[Problem description]: In your copy, leave out the pictures and reproduce the listing below exactly.

[Supplied material]:

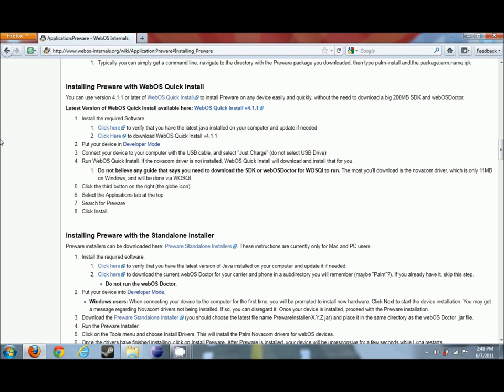So we're just going to follow through on the instructions. First video I'm doing is going to be using WebOS Quick Install. The latest version of WebOS Quick Install is version 4.1.1. The instructions in this video should stay the same even with future updates, but if anything does change, I will include a link to an update.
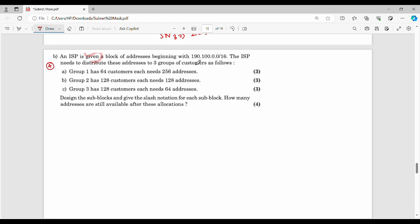Another question: an ISP is given a block of addresses and needs to distribute them to three groups of customers. Group 1 has 64 customers, each requiring 256 addresses. Group 2 has 128 customers, each requiring 128 addresses. Group 3 has 128 customers, each requiring 64 addresses.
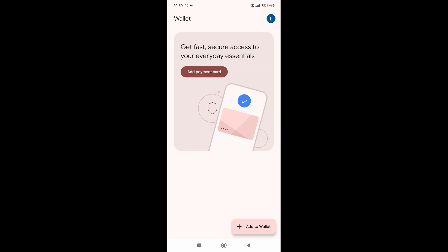So the first thing is that we're going to have to go to Add to Wallet, which is this button in here.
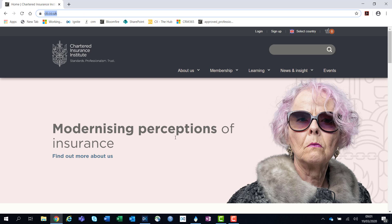This will present you with our home page. You will then need to click the sign up button in the top right hand corner of the screen.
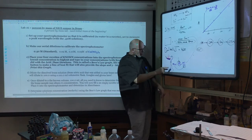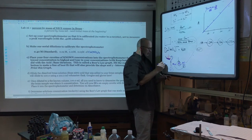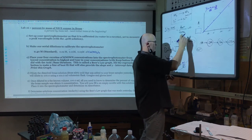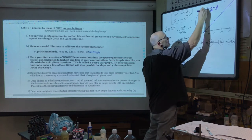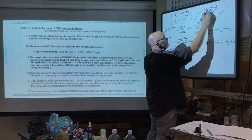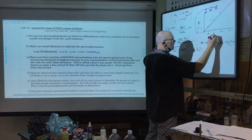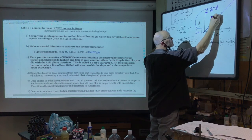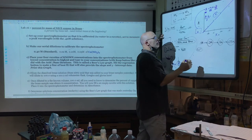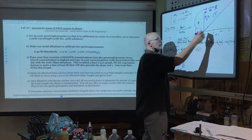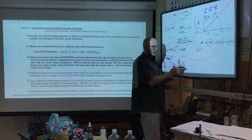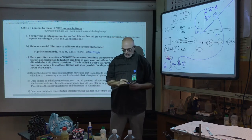Once the Beer's law graph is built, we pour a little of our unknown brass solution into a cuvette, run it through the spectrophotometer, and read the absorbance — that's our y. Using the slope m and y-intercept b from our known solutions, we solve for x: x = (y − b) / m. That x value is our molarity of the copper in solution.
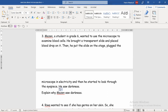But the surprise was that he saw darkness — he didn't see anything. The question is: explain why Mazen saw darkness. Everything he should have done, he did — he put the sample on a slide, put the slide on the stage, plugged the microscope into electricity, and then looked through the eyepiece but didn't see anything. Why do you think this happened?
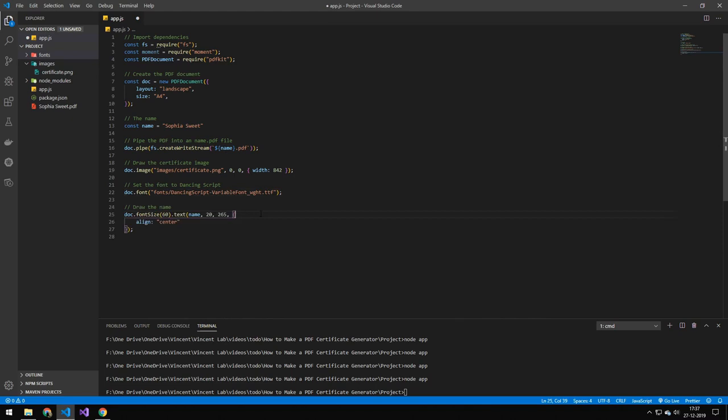So the next line is just drawing the name here. And you can see the way I'm doing this is I'm doing docs, I'm grabbing the document font size. So I'm setting the font size to 60 and then I'm drawing the name at 20 and then 265. And then I'm using an object here to define some options and I'm aligning it to the center.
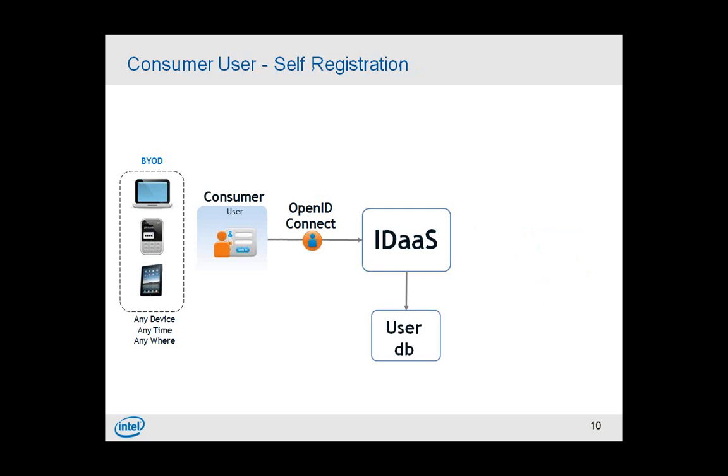Another is for the self-registration use case where you want new users to be signed up for your application. So, offloading that particular user registration to some identity service that can handle how the users get registered either using Yahoo, Google, Facebook, Twitter, all the other use cases, right? So, OpenID Connect can provide such a functionality.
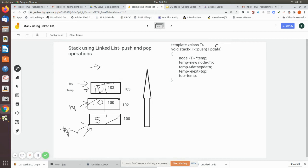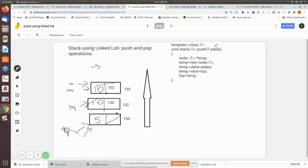So whenever more data is pushed, temp is used to create a new node. Once the temp node is attached, top is made to point to that temporary node. Whatever data you push becomes the top of the stack. All nodes are connected via their next fields — this points to the previous memory location, and so on.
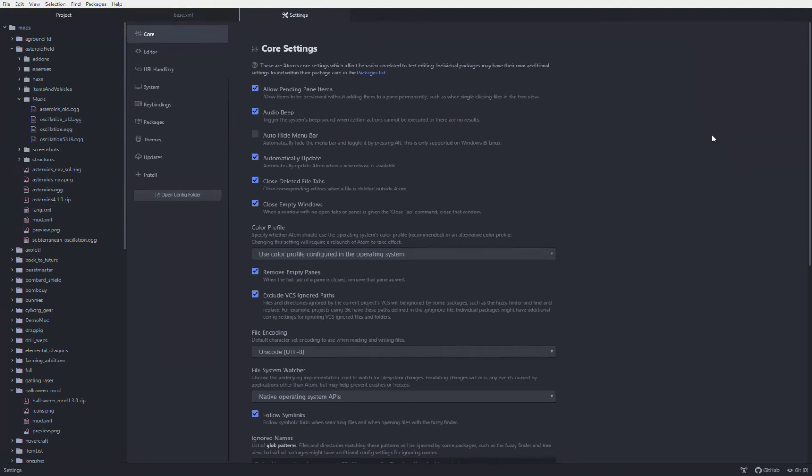Hello and welcome. Today I will be showing you how to use the code editor Atom to mod the game Overgrowth to make some basic mods.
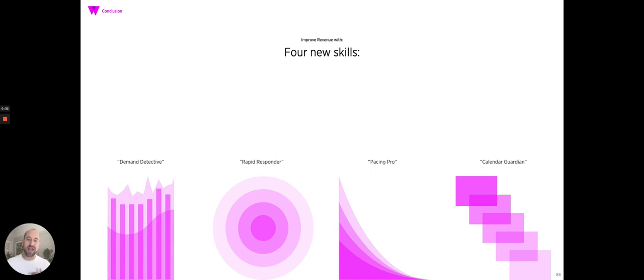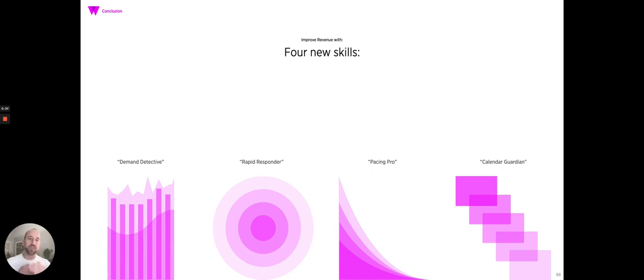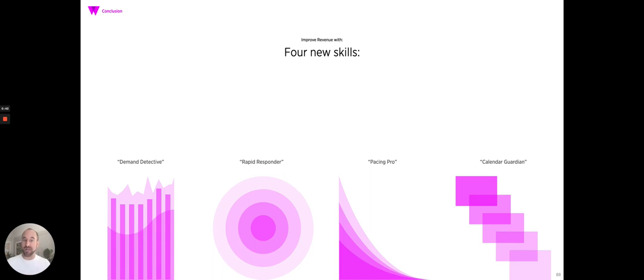Then we learned how to be a rapid responder and a pacing pro. Both of these skills were looking at bookings on our own property and nearby to figure out how to sell our inventory at the right price at the right time.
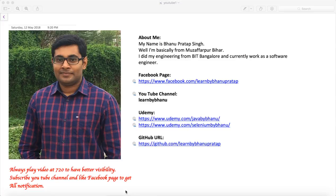In this video, I will talk about the listener class which is required for the framework. When you have the framework, you need a listener class that will listen to your test script and, based on the test script status, report a log for you.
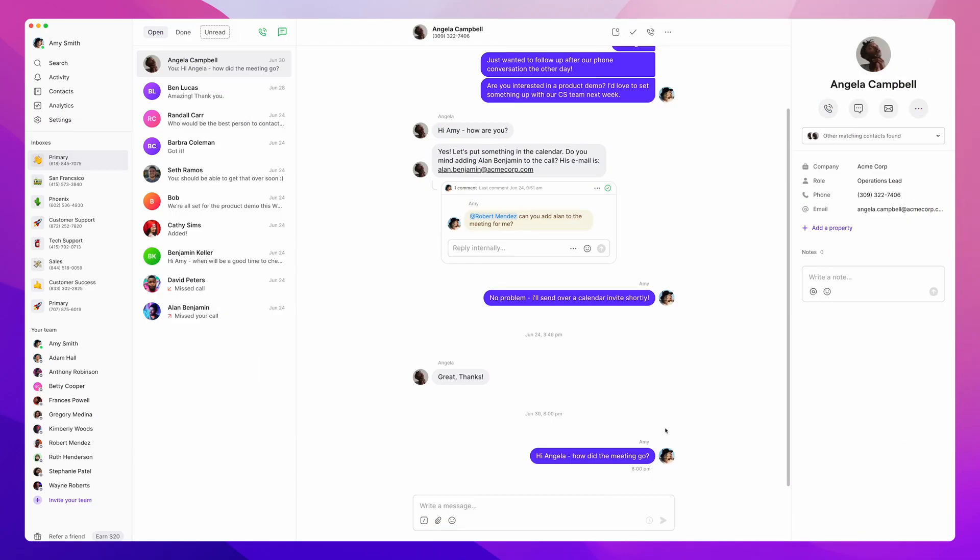Hey everyone, Mark here from OpenPhone, and in this video I'm going to show you how to set up your business voicemail greeting using both our web and mobile apps.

[Solution]:
So we're just going to follow through on the instructions. First video I'm doing is going to be using WebOS Quick Install. The latest version of WebOS Quick Install is version 4.1.1. The instructions in this video should stay the same even with future updates, but if anything does change, I will include a link to an update.
Another question: an ISP is given a block of addresses and needs to distribute them to three groups of customers. Group 1 has 64 customers, each requiring 256 addresses. Group 2 has 128 customers, each requiring 128 addresses. Group 3 has 128 customers, each requiring 64 addresses.
So the first thing is that we're going to have to go to Add to Wallet, which is this button in here.
This will present you with our home page. You will then need to click the sign up button in the top right hand corner of the screen.
Once the Beer's law graph is built, we pour a little of our unknown brass solution into a cuvette, run it through the spectrophotometer, and read the absorbance — that's our y. Using the slope m and y-intercept b from our known solutions, we solve for x: x = (y − b) / m. That x value is our molarity of the copper in solution.
But the surprise was that he saw darkness — he didn't see anything. The question is: explain why Mazen saw darkness. Everything he should have done, he did — he put the sample on a slide, put the slide on the stage, plugged the microscope into electricity, and then looked through the eyepiece but didn't see anything. Why do you think this happened?
So the next line is just drawing the name here. And you can see the way I'm doing this is I'm doing docs, I'm grabbing the document font size. So I'm setting the font size to 60 and then I'm drawing the name at 20 and then 265. And then I'm using an object here to define some options and I'm aligning it to the center.
Another is for the self-registration use case where you want new users to be signed up for your application. So, offloading that particular user registration to some identity service that can handle how the users get registered either using Yahoo, Google, Facebook, Twitter, all the other use cases, right? So, OpenID Connect can provide such a functionality.
So whenever more data is pushed, temp is used to create a new node. Once the temp node is attached, top is made to point to that temporary node. Whatever data you push becomes the top of the stack. All nodes are connected via their next fields — this points to the previous memory location, and so on.
Hello and welcome. Today I will be showing you how to use the code editor Atom to mod the game Overgrowth to make some basic mods.
Then we learned how to be a rapid responder and a pacing pro. Both of these skills were looking at bookings on our own property and nearby to figure out how to sell our inventory at the right price at the right time.
In this video, I will talk about the listener class which is required for the framework. When you have the framework, you need a listener class that will listen to your test script and, based on the test script status, report a log for you.
Hey everyone, Mark here from OpenPhone, and in this video I'm going to show you how to set up your business voicemail greeting using both our web and mobile apps.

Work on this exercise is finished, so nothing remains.